What you are asked to do: Every line from the one with "Seamless High Waist" up to and including the one with "Toyota Corolla 2007" is to be output exactly as it appears below; pictures are not.

Available records:
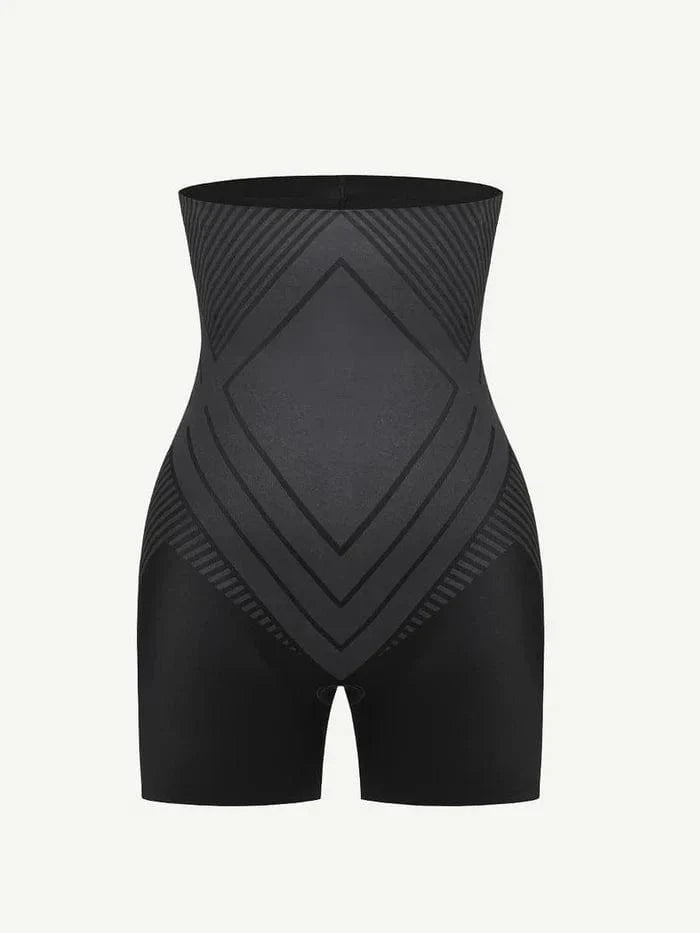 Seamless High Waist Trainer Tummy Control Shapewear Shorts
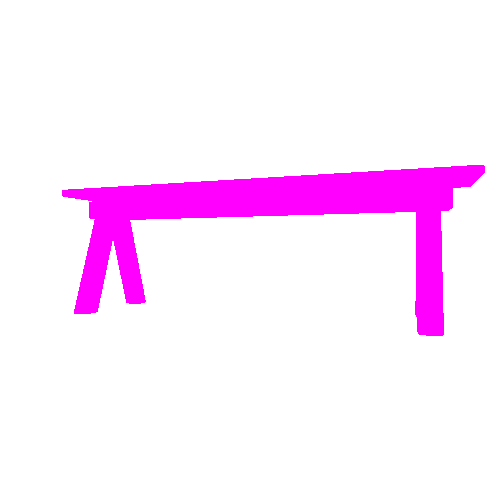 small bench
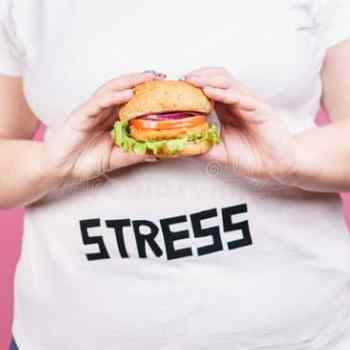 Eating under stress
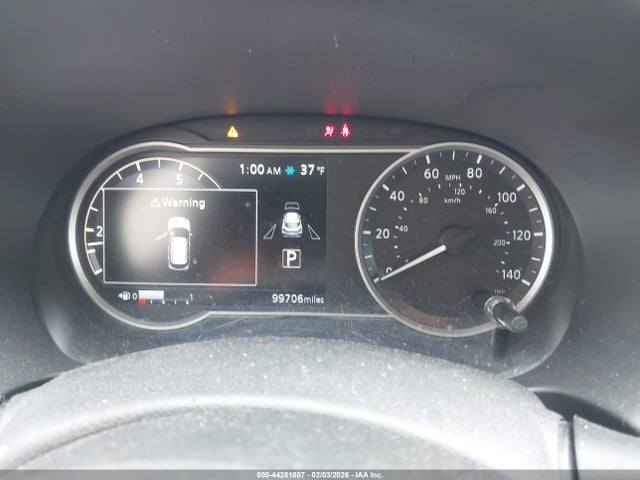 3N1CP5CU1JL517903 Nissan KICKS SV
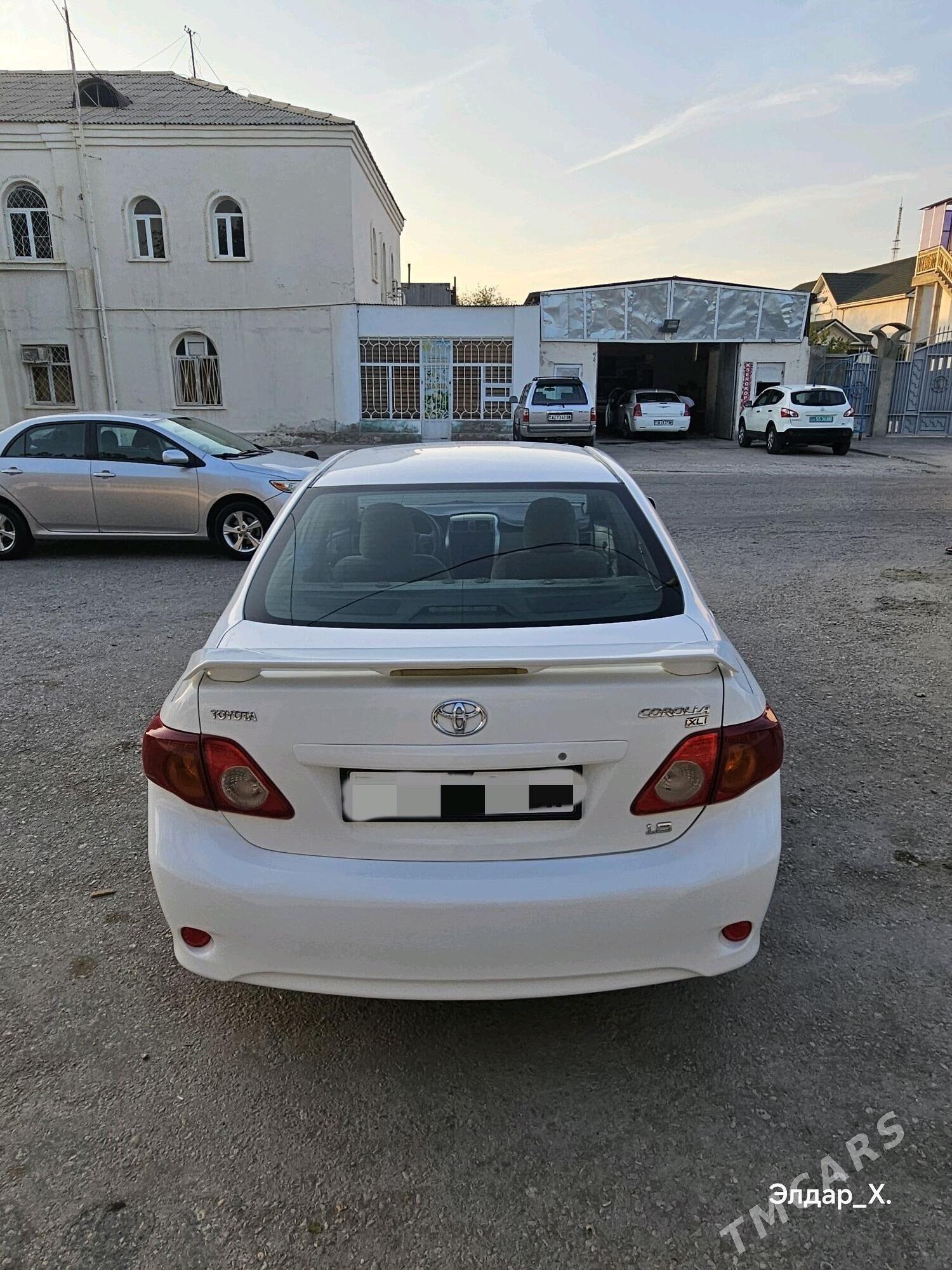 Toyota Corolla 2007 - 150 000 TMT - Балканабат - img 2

==

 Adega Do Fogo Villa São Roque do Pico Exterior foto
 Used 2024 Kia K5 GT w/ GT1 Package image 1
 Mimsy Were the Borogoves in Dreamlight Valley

* * *

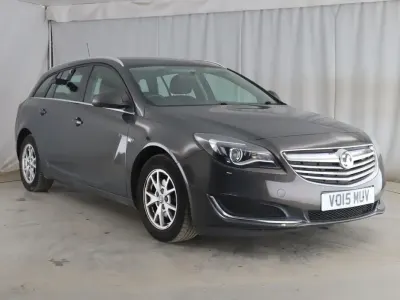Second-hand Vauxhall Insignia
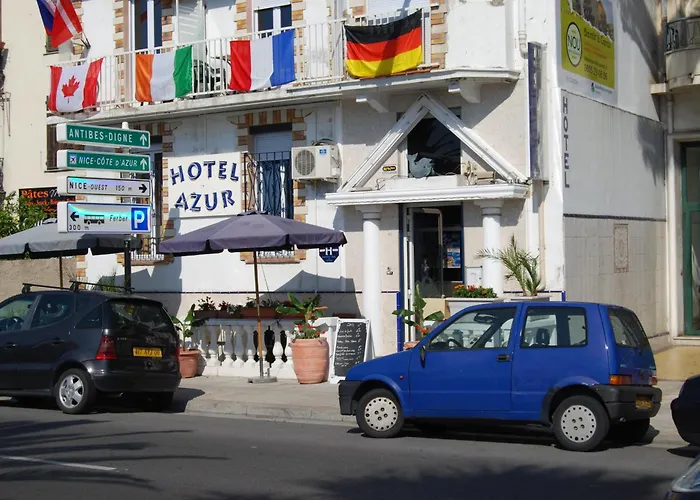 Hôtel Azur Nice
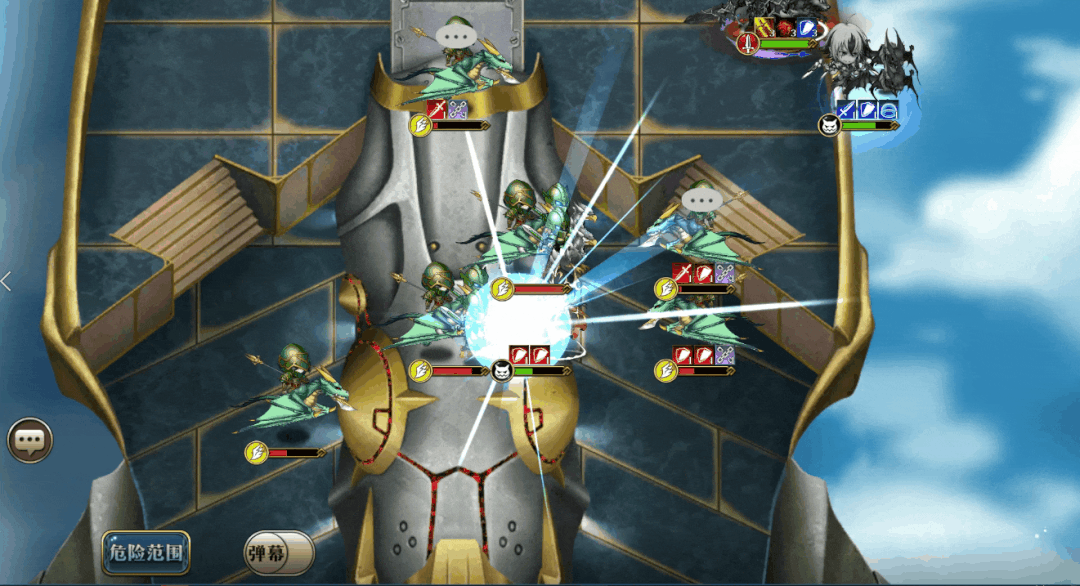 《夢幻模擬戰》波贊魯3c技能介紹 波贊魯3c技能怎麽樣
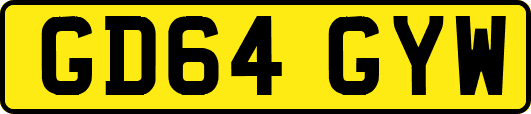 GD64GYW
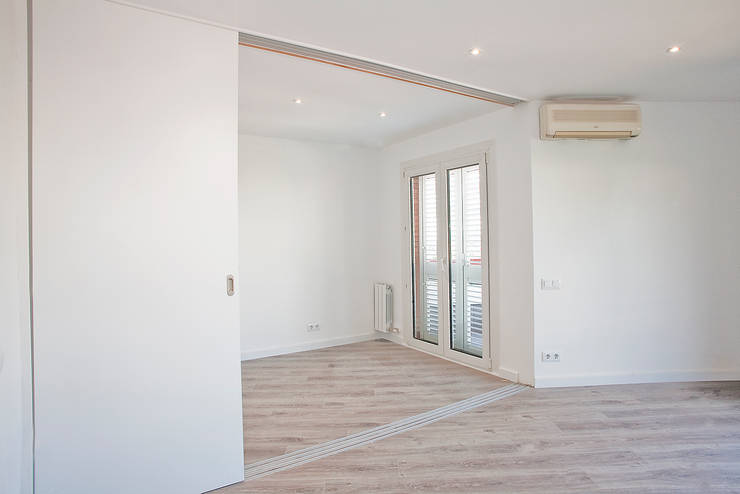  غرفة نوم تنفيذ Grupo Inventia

Response area:
 Seamless High Waist Trainer Tummy Control Shapewear Shorts
 small bench
 Eating under stress
 3N1CP5CU1JL517903 Nissan KICKS SV
 Toyota Corolla 2007 - 150 000 TMT - Балканабат - img 2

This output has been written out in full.